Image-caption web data
%%
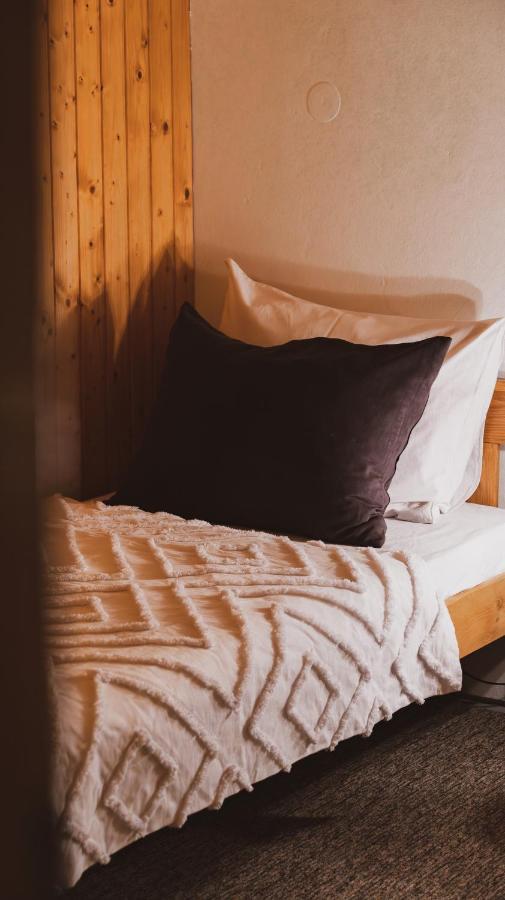Scardona Rustica, Bed & Breakfast With Jacuzzi, Bbq And Free Parking In Skradin, Krka Appartement Buitenkant foto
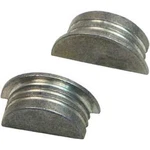 039-6570 Beck Arnley Semi Circular Plug For Toyota Solara Camry RAV4 Celica MR2 New. Price: $29.48.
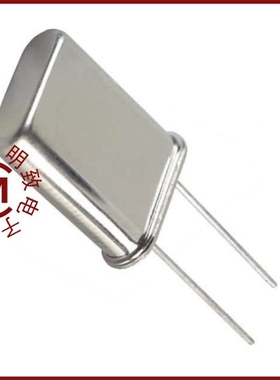 SD103CW-E3-18/SD103CW-G3-08/SD103CW-G3-18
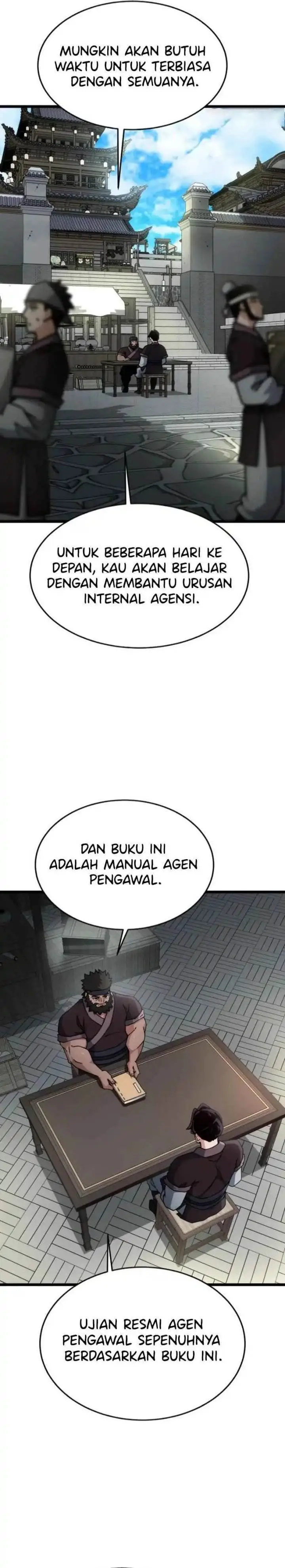 image-komik-the-genius-girl-who-hides-the-martial-worlds-public-enemy-chapter-7-18/41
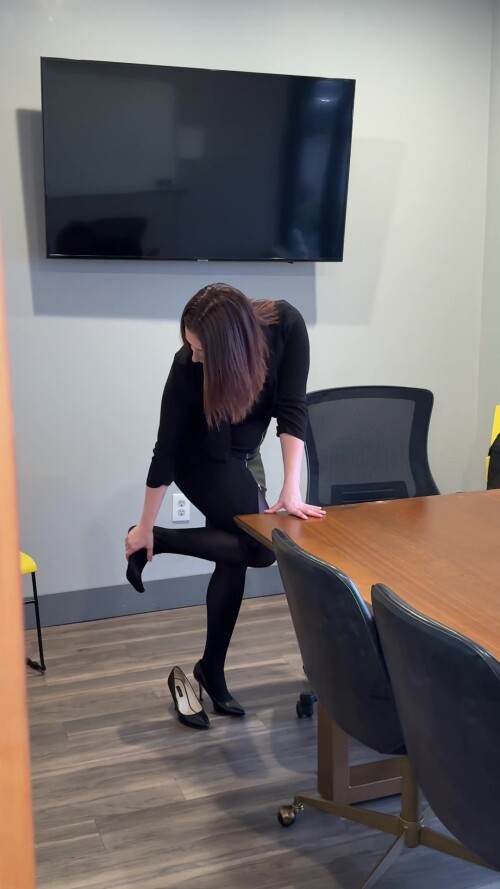 4ed20b54e149caa2a2c9764834d09d20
%%
(Problem to solve) Excluding the pictures, restate word for word the lines from the one that holds "SD103CW-E3-18/SD103CW-G3-08/SD103CW-G3-18" through the last line of the entries, both ends included.

(Response)
 SD103CW-E3-18/SD103CW-G3-08/SD103CW-G3-18
 image-komik-the-genius-girl-who-hides-the-martial-worlds-public-enemy-chapter-7-18/41
 4ed20b54e149caa2a2c9764834d09d20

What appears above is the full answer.